Monday, July 16, 2007

Hipso facto

Hipso facto
By Rick Kogan
Copyrigh by The Chicago Tribune
Published July 15, 2007

The man in Osgood's photo, peering through one of those old-fashioned gizmos once used for eye tests, is named Brandon Nelson, and he is yet another of the creative characters who call Three Oaks, Mich., home.

A native of St. Charles, he first visited southwest Michigan in 1995, taking a first wedding anniversary trip from Chicago with his wife, Lisa. She and her family had been vacationing in the area for generations. Indeed, her parents had a house there, and though the young couple was in the process of digging up the dough to buy the three-flat in which they had been living in Wicker Park, they fell in love with a house in the town of Sawyer.

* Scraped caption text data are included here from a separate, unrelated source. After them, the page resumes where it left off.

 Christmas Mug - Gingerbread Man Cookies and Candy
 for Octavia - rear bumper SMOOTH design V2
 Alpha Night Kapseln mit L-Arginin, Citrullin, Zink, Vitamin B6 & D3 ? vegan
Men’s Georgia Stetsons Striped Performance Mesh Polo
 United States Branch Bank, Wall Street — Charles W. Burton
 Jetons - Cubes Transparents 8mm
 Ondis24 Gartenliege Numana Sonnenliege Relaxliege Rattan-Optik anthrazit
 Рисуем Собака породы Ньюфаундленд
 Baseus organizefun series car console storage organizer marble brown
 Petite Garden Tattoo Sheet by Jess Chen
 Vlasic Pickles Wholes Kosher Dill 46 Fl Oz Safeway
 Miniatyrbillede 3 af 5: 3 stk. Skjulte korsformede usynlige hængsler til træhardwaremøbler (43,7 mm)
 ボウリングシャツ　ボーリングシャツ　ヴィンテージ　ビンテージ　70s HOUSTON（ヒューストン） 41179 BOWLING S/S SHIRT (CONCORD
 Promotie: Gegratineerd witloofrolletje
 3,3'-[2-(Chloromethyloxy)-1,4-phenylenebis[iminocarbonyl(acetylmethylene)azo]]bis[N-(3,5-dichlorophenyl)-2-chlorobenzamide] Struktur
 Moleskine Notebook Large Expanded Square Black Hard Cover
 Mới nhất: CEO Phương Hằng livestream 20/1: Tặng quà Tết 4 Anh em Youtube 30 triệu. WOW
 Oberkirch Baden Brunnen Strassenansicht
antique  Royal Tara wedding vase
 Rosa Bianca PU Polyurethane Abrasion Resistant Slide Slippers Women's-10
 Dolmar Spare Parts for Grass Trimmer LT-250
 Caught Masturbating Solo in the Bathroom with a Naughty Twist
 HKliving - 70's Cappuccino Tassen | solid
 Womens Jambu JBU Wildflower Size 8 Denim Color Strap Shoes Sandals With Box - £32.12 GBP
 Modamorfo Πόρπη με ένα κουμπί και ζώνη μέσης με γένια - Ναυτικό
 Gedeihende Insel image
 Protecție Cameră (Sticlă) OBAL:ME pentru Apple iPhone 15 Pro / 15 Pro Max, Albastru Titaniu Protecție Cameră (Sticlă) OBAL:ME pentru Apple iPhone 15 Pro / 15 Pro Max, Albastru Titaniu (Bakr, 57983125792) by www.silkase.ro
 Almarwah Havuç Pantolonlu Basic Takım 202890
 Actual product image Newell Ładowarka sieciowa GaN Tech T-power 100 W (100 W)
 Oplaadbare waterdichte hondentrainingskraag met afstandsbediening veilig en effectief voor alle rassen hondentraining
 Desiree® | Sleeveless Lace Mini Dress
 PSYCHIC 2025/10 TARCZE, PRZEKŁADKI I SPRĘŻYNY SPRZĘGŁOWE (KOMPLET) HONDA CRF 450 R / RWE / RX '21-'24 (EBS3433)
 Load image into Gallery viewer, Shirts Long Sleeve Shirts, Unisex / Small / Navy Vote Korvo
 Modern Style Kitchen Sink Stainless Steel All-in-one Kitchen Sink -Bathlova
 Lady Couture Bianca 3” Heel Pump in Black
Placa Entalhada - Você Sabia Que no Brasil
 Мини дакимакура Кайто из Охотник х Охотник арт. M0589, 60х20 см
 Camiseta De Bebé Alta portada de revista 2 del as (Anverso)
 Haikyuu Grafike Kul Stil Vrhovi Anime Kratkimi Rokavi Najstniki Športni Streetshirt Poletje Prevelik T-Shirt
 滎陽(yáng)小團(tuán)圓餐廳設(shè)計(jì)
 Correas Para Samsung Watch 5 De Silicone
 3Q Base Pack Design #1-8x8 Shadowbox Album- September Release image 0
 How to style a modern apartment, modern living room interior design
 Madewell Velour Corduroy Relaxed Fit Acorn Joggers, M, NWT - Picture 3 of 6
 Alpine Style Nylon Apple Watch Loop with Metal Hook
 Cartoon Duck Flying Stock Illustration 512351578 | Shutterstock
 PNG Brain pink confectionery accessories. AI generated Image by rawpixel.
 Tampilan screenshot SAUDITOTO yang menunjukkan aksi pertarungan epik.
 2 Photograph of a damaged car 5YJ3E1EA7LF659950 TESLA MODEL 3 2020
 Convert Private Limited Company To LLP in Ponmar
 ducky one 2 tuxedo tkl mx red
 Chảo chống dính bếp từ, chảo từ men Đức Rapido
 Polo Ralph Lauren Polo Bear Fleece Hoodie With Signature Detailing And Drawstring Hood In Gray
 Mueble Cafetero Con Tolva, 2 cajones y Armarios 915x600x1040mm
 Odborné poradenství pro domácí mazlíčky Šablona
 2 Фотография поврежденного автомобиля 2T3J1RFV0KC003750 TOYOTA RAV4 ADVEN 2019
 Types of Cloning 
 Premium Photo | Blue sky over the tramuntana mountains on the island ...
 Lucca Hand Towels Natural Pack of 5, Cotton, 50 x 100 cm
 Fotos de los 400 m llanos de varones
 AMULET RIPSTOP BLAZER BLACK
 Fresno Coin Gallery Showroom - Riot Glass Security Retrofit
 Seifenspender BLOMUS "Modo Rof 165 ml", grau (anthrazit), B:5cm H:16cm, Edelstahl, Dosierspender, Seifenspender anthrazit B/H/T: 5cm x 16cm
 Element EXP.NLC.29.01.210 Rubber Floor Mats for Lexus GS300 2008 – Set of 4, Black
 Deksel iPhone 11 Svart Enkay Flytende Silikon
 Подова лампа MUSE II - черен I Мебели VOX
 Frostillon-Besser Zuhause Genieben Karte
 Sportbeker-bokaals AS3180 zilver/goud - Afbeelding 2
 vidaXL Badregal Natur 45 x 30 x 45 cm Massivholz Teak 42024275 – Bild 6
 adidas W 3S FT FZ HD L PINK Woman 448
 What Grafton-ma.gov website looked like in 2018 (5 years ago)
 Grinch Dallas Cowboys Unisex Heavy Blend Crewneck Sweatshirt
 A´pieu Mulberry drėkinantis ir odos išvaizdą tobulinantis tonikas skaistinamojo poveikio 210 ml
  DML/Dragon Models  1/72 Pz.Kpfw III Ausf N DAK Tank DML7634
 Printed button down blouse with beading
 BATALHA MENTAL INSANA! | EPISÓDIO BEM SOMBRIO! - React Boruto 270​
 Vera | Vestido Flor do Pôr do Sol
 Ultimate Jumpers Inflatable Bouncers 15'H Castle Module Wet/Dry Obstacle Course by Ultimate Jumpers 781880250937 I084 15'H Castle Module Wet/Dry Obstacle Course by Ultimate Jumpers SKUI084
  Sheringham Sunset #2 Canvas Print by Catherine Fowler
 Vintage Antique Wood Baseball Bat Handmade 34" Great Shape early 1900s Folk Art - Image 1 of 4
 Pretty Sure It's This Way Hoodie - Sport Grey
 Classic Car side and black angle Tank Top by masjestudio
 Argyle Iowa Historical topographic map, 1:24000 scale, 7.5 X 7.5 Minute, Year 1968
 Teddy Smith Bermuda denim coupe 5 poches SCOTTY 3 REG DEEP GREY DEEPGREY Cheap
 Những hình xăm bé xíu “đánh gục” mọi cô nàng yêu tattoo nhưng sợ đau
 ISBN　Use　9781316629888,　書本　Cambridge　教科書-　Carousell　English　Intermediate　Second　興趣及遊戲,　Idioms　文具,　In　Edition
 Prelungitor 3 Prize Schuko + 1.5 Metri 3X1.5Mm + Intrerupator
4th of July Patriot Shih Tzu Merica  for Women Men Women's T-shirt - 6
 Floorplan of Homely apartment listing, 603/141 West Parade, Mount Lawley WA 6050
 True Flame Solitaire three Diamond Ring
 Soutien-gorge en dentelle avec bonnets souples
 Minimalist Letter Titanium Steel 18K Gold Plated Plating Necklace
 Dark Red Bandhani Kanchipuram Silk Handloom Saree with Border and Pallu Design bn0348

"Buy it? It would be a risk, an immediate change in our plans and in our lives," says Nelson. Without jobs in the area or any idea of what work they might be able to find, they took the leap.

Nelson had a background in art (he graduated from the School of the Art Institute and was an apprentice to the late Chicago sculptor Eldon Danhausen) and music (he played drums with the rock-fusion band Disarray). He was also a collector of "odd items," he says, "starting with stuff I found in my grandmother's hot, musty attic."

He got a job with Lakeside Antiques, eventually taking part of the store's space to sell his own things and many more that he found at house and estate sales.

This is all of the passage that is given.